## Problem to solve
Every entry needs to be duplicated exactly.

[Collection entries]

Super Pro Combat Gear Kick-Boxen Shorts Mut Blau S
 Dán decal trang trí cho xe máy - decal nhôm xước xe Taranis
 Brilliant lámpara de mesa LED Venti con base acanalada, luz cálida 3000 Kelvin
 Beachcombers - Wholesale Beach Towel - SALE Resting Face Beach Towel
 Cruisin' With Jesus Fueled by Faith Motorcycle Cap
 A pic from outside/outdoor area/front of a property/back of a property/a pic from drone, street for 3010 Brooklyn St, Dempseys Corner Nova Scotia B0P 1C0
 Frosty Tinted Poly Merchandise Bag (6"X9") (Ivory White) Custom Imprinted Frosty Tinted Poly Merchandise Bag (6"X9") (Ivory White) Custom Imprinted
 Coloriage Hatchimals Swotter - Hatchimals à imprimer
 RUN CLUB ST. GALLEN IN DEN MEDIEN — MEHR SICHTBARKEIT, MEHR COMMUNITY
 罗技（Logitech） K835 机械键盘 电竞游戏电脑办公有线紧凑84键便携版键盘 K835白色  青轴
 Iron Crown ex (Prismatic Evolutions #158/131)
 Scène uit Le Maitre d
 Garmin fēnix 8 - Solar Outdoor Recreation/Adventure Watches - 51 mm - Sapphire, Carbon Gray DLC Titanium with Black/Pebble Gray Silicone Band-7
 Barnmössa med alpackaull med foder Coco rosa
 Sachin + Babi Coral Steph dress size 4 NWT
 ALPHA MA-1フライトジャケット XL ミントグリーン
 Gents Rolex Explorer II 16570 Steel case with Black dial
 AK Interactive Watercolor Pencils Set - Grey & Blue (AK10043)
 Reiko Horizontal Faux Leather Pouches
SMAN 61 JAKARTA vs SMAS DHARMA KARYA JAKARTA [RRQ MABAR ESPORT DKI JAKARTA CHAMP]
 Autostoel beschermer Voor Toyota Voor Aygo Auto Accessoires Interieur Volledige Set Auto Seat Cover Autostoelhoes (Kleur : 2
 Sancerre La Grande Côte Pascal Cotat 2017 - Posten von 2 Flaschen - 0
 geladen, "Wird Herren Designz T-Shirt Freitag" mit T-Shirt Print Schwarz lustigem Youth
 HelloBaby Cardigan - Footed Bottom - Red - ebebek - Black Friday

## Answer to this task
Super Pro Combat Gear Kick-Boxen Shorts Mut Blau S
 Dán decal trang trí cho xe máy - decal nhôm xước xe Taranis
 Brilliant lámpara de mesa LED Venti con base acanalada, luz cálida 3000 Kelvin
 Beachcombers - Wholesale Beach Towel - SALE Resting Face Beach Towel
 Cruisin' With Jesus Fueled by Faith Motorcycle Cap
 A pic from outside/outdoor area/front of a property/back of a property/a pic from drone, street for 3010 Brooklyn St, Dempseys Corner Nova Scotia B0P 1C0
 Frosty Tinted Poly Merchandise Bag (6"X9") (Ivory White) Custom Imprinted Frosty Tinted Poly Merchandise Bag (6"X9") (Ivory White) Custom Imprinted
 Coloriage Hatchimals Swotter - Hatchimals à imprimer
 RUN CLUB ST. GALLEN IN DEN MEDIEN — MEHR SICHTBARKEIT, MEHR COMMUNITY
 罗技（Logitech） K835 机械键盘 电竞游戏电脑办公有线紧凑84键便携版键盘 K835白色  青轴
 Iron Crown ex (Prismatic Evolutions #158/131)
 Scène uit Le Maitre d
 Garmin fēnix 8 - Solar Outdoor Recreation/Adventure Watches - 51 mm - Sapphire, Carbon Gray DLC Titanium with Black/Pebble Gray Silicone Band-7
 Barnmössa med alpackaull med foder Coco rosa
 Sachin + Babi Coral Steph dress size 4 NWT
 ALPHA MA-1フライトジャケット XL ミントグリーン
 Gents Rolex Explorer II 16570 Steel case with Black dial
 AK Interactive Watercolor Pencils Set - Grey & Blue (AK10043)
 Reiko Horizontal Faux Leather Pouches
SMAN 61 JAKARTA vs SMAS DHARMA KARYA JAKARTA [RRQ MABAR ESPORT DKI JAKARTA CHAMP]
 Autostoel beschermer Voor Toyota Voor Aygo Auto Accessoires Interieur Volledige Set Auto Seat Cover Autostoelhoes (Kleur : 2
 Sancerre La Grande Côte Pascal Cotat 2017 - Posten von 2 Flaschen - 0
 geladen, "Wird Herren Designz T-Shirt Freitag" mit T-Shirt Print Schwarz lustigem Youth
 HelloBaby Cardigan - Footed Bottom - Red - ebebek - Black Friday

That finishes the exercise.